**WHAT YOU HAVE TO DO**
Leave out the pictures and transcribe the rest of the records exactly.

**Records from a data collection**
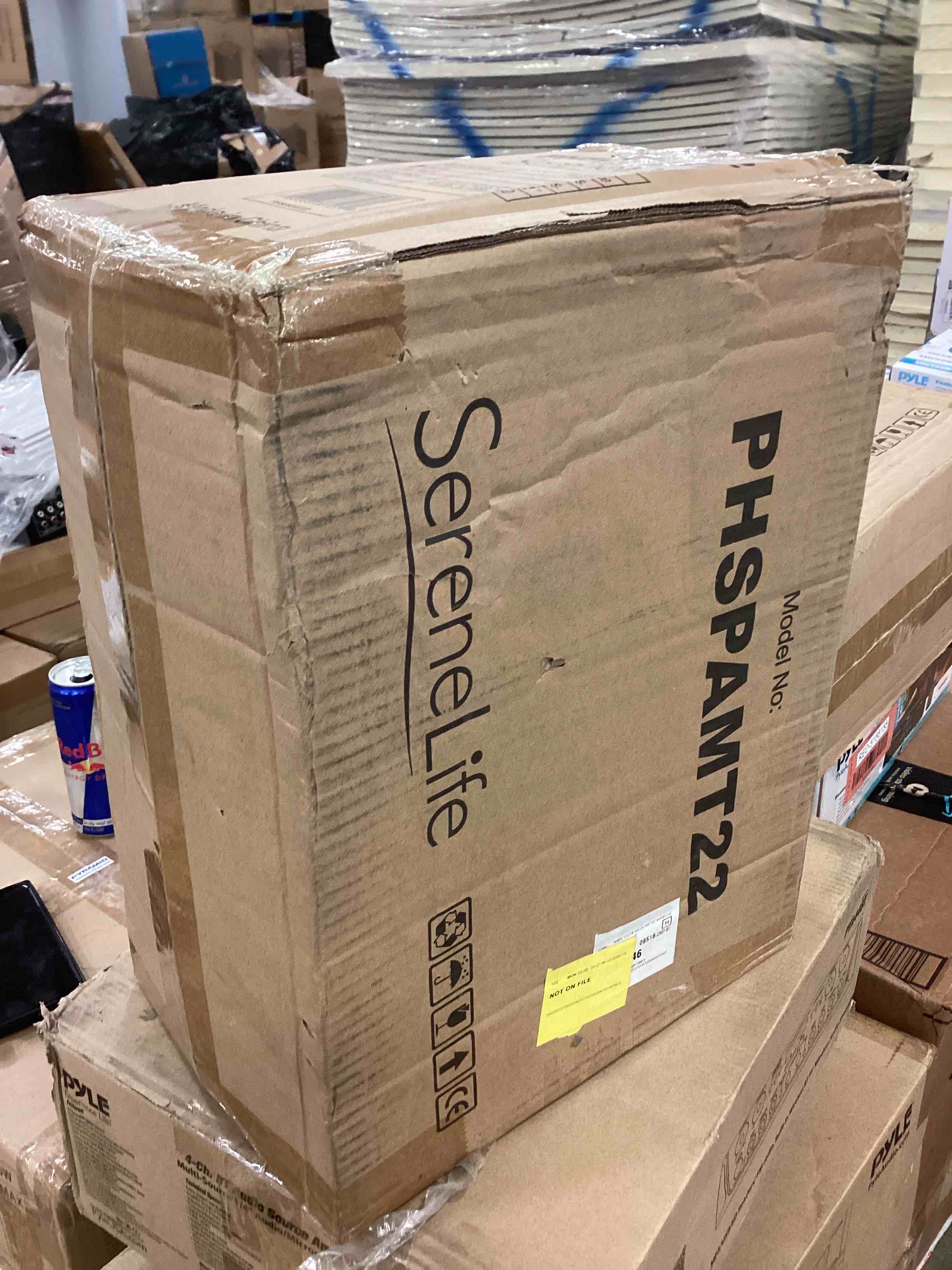 https://s3.amazonaws.com/lotting-images-prod/bidfta/YEL4724050_1688734097972.jpeg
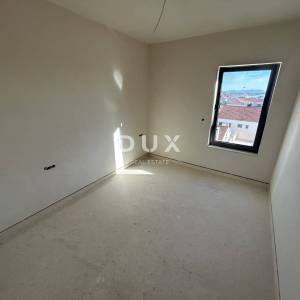 ŠIBENIK, VODICE – Luksuzni penthouse s tri terase, liftom i pogledom na more!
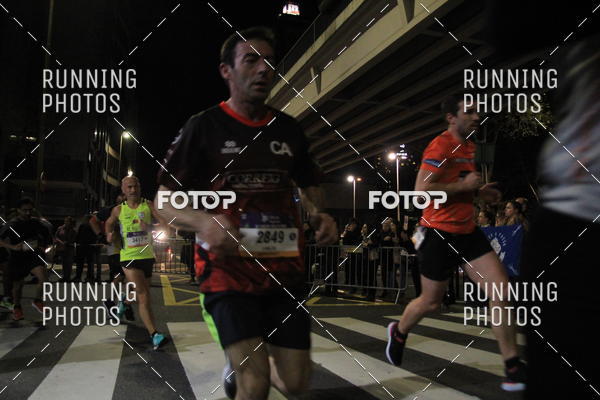 Buy your photos of the eventS�o Silvestre Porto 2019 on Fotop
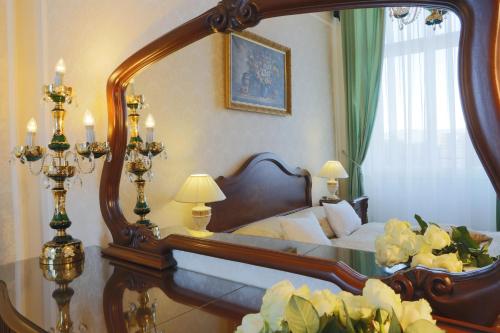 卡罗维发利布里斯托宫酒店的相册照片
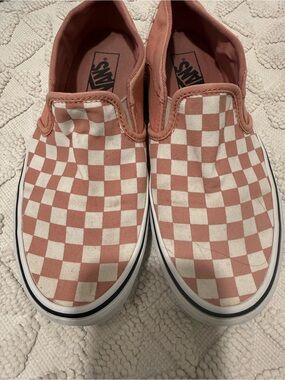 Vans Slip-On Checkerboard Sneakers - Pink & woman size 9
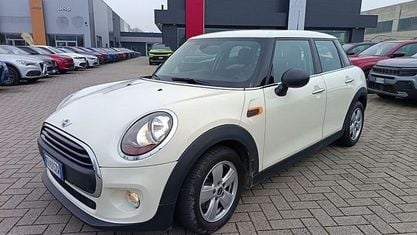 Begagnad Mini ONE 75 HK (55 kW) 2016 Vit Halvkombi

**ANSWER TO THE PROBLEM**
 https://s3.amazonaws.com/lotting-images-prod/bidfta/YEL4724050_1688734097972.jpeg
 ŠIBENIK, VODICE – Luksuzni penthouse s tri terase, liftom i pogledom na more!
 Buy your photos of the eventS�o Silvestre Porto 2019 on Fotop
 卡罗维发利布里斯托宫酒店的相册照片
 Vans Slip-On Checkerboard Sneakers - Pink & woman size 9
 Begagnad Mini ONE 75 HK (55 kW) 2016 Vit Halvkombi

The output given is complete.